AVRO-4067: Optimize First Byte of Long Decode (#3183)



> Optimize First Byte of Long Decode
> ----------------------------------
>
>                 Key: AVRO-4067
>                 URL: https://issues.apache.org/jira/browse/AVRO-4067
>             Project: Apache Avro
>          Issue Type: Improvement
>          Components: java
>    Affects Versions: 1.12.0
>            Reporter: David Mollitor
>            Assignee: David Mollitor
>            Priority: Minor
>              Labels: pull-request-available
>             Fix For: 1.13.0
>
>          Time Spent: 50m
>  Remaining Estimate: 0h
>
> Long values are used for many different areas of the spec, and in particular 
> a 'zero' value is used often. for example:
>  
> {quote}a string is encoded as a long followed by that many bytes of UTF-8 
> encoded character data.
> {quote}
> {quote}Arrays are encoded as a series of blocks. Each block consists of a 
> long count value, followed by that many array items. A block with count zero 
> indicates the end of the array. Each item is encoded per the array’s item 
> schema.
> {quote}
> {quote}Maps are encoded as a series of blocks. Each block consists of a long 
> count value, followed by that many key/value pairs. A block with count zero 
> indicates the end of the map. Each item is encoded per the map’s value schema.
> {quote}
> Because of this, long values actually tend to be pretty small on average, and 
> so can often fit within the first byte of the variable-length array. 
> Therefore, the first byte should be prioritized.
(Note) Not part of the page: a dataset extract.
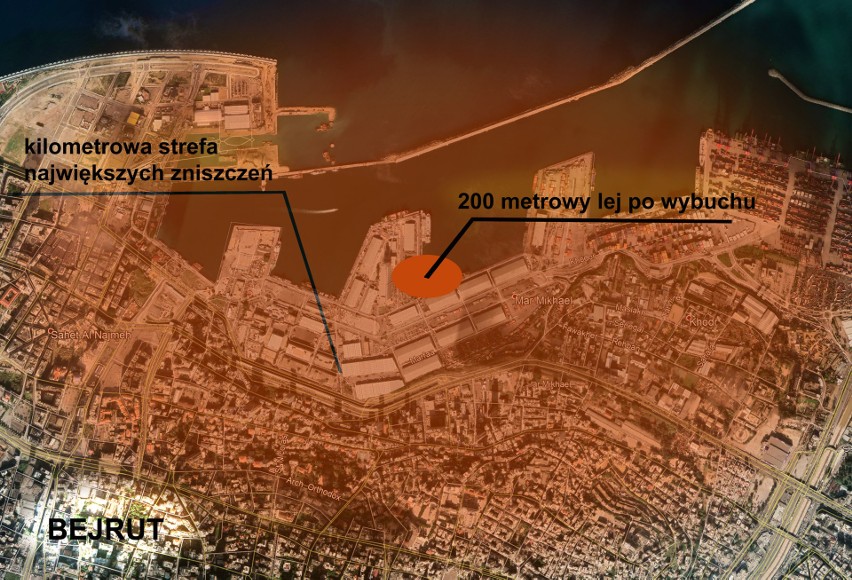 Tak prezentuje się mapa zniszczeń w Bejrucie. Zobaczcie, co...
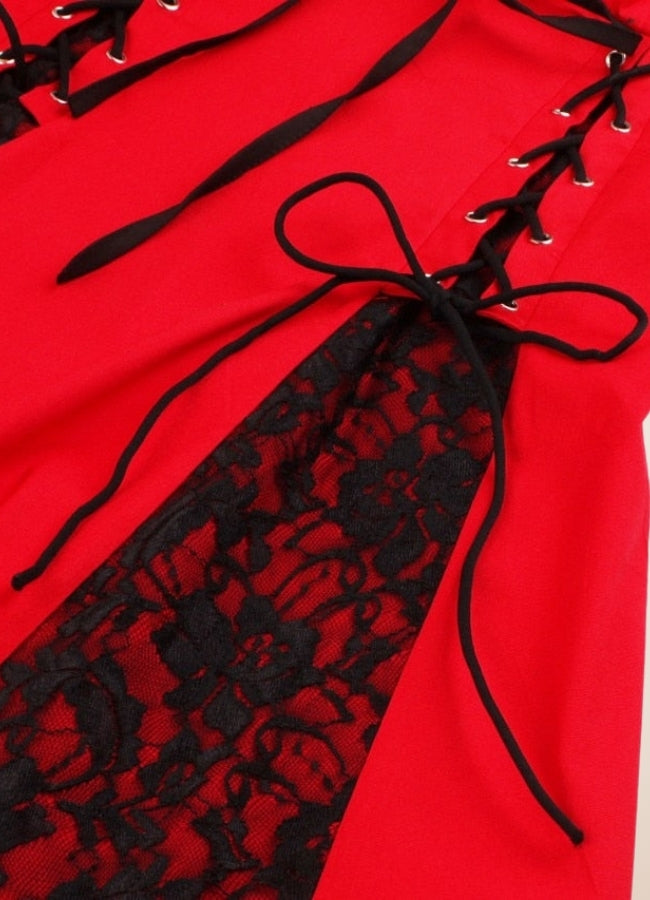 Red Gothic Style Dress - Steampunk Australia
> For the first byte, if the high-order bit is set, then not only does it mean 
> there are more bytes to follow, but that the signed value of the byte will be 
> negative. Therefore, the inverse is that for a positive number (>=0), then 
> there are not more bytes to follow.
> Check the first byte, and if it is positive, exit early, if it is zero, 
> return zero.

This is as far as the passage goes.